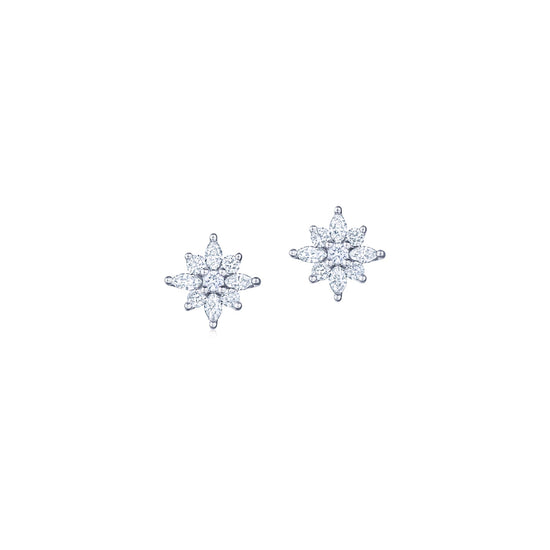 Kwiat Star Petite Diamond Earring in 18k White Gold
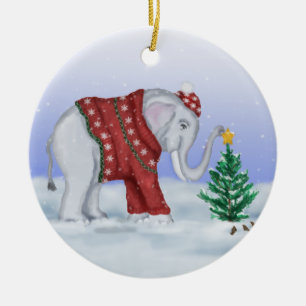 Julelefantprydnad Julgransprydnad Keramik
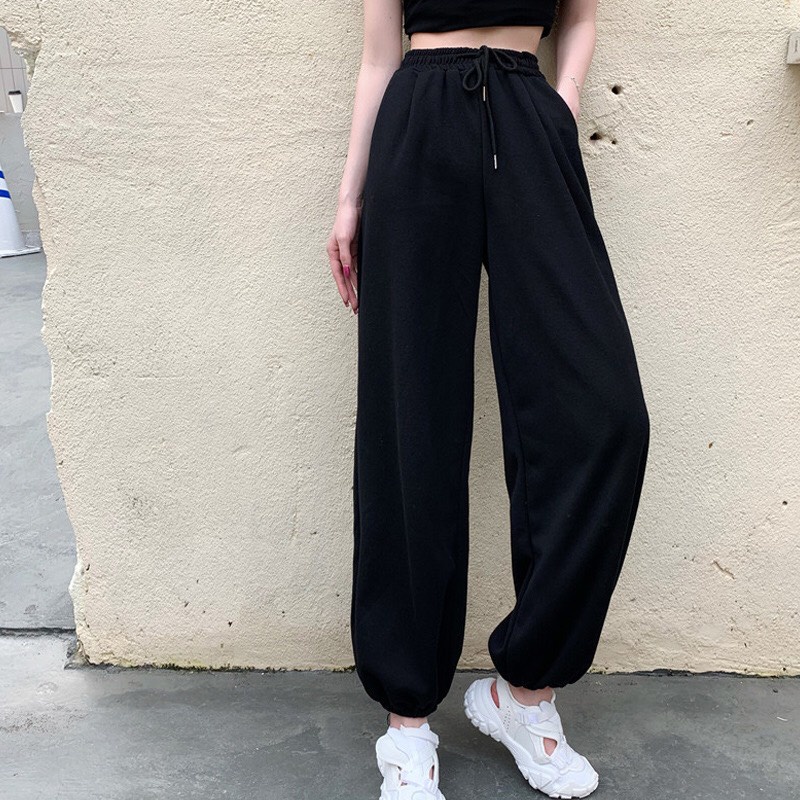 Quần jogger nữ ulzzang chất da cá - quần bom bo gấu bo chun cá tính ROSA BOUTIQUE
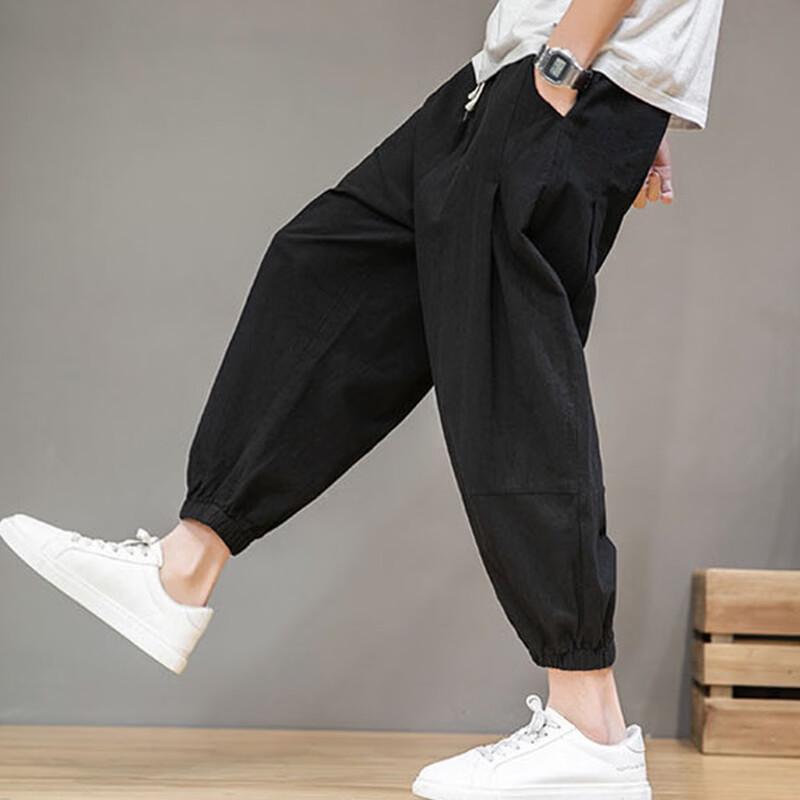 ROMON Men's Pure Cotton Drawstring Casual Cropped Pants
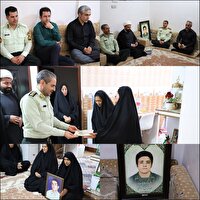 ادای احترام فرمانده انتظامی آبادان به مقام شهید آلبوسویلم در دیدار با خانواده وی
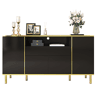 Cômoda 150x40x80 cm - Combinação de 1 gaveta, design elegante e moderno, acabamento preto brilhante - Preto
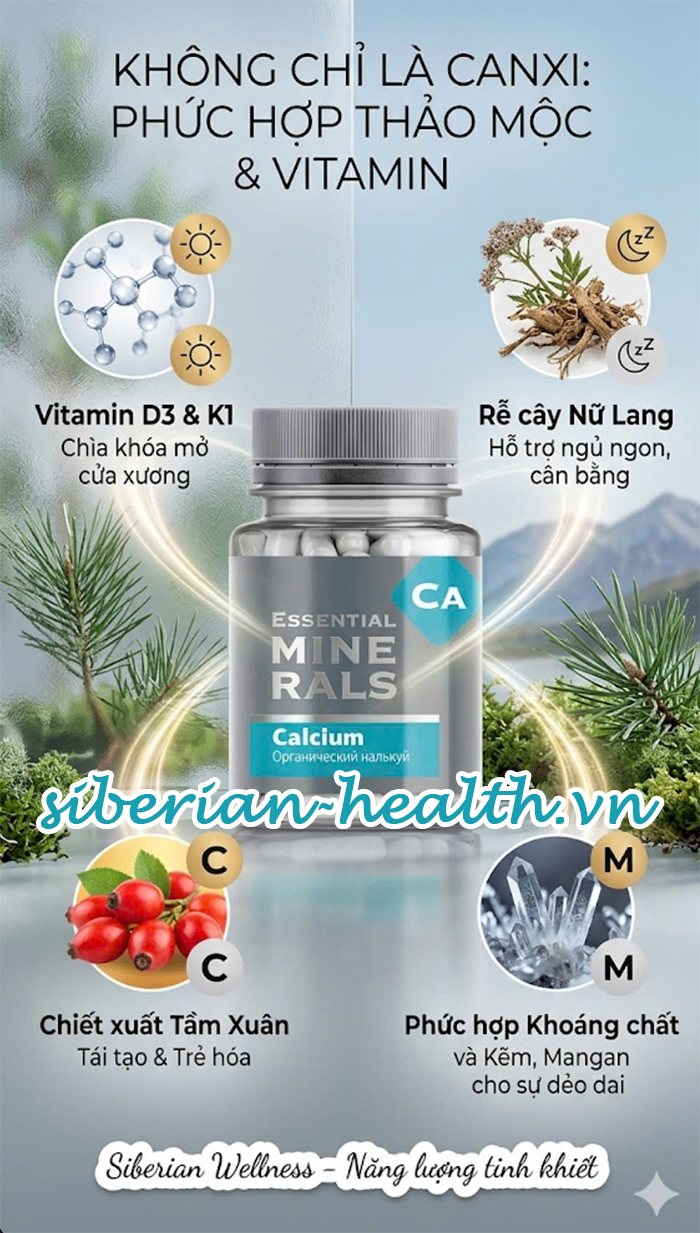 ssential Minerals Calcium Canxi hữu cơ Siberian Wellness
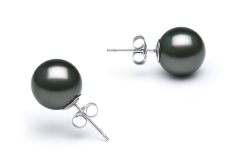 Par de pendientes de perlas Perla Tahití de calidad AAA de 10 a 11mm en color Negro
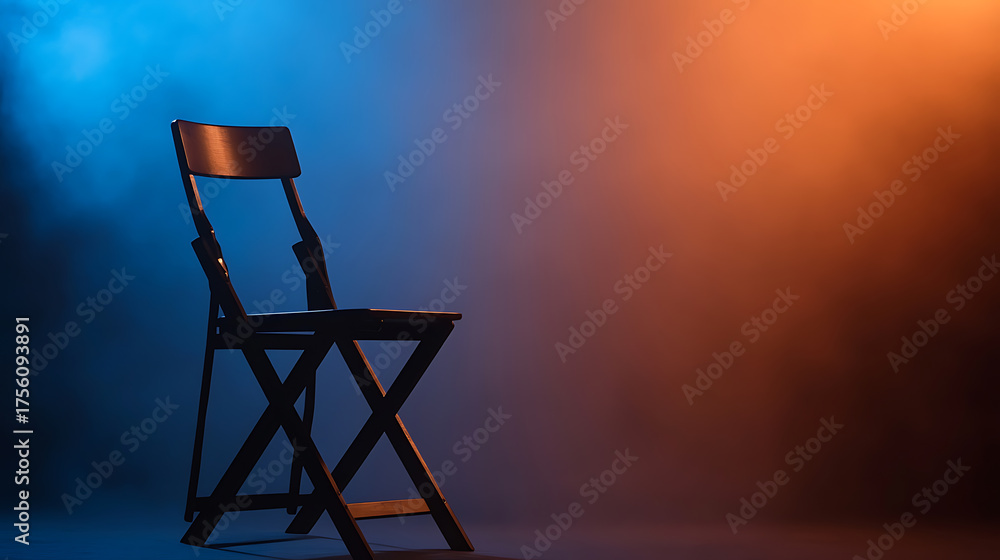Fototapeta premium Solitary Chair: A study in color, contrast, and form. Wooden chair silhouetted against a split blue and orange backdrop. Space for reflection and thought.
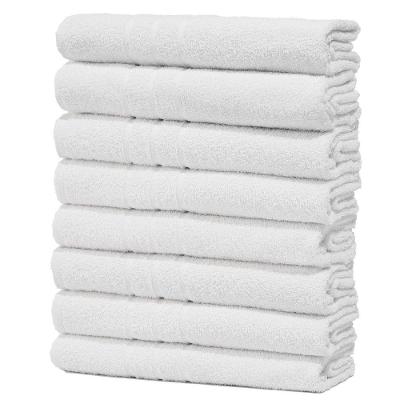 Kit Com 8 Toalhas De Rosto Para Hotel - Profissional Prata - Branco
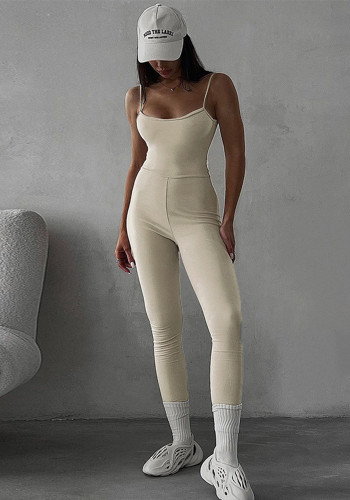 Lässiger Damen-Overall in einfarbiger Basic-Outdoor-Kleidung, schlanker sportlicher Yoga-Overall mit hoher Taille und Hosenträger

TASK PROMPT: Go through the material and set it down again exactly, but without any pictures.

THE ANSWER:
 Kwiat Star Petite Diamond Earring in 18k White Gold
 Julelefantprydnad Julgransprydnad Keramik
 Quần jogger nữ ulzzang chất da cá - quần bom bo gấu bo chun cá tính ROSA BOUTIQUE
 ROMON Men's Pure Cotton Drawstring Casual Cropped Pants
 ادای احترام فرمانده انتظامی آبادان به مقام شهید آلبوسویلم در دیدار با خانواده وی
 Cômoda 150x40x80 cm - Combinação de 1 gaveta, design elegante e moderno, acabamento preto brilhante - Preto
 ssential Minerals Calcium Canxi hữu cơ Siberian Wellness
 Par de pendientes de perlas Perla Tahití de calidad AAA de 10 a 11mm en color Negro
Fototapeta premium Solitary Chair: A study in color, contrast, and form. Wooden chair silhouetted against a split blue and orange backdrop. Space for reflection and thought.
 Kit Com 8 Toalhas De Rosto Para Hotel - Profissional Prata - Branco
 Lässiger Damen-Overall in einfarbiger Basic-Outdoor-Kleidung, schlanker sportlicher Yoga-Overall mit hoher Taille und Hosenträger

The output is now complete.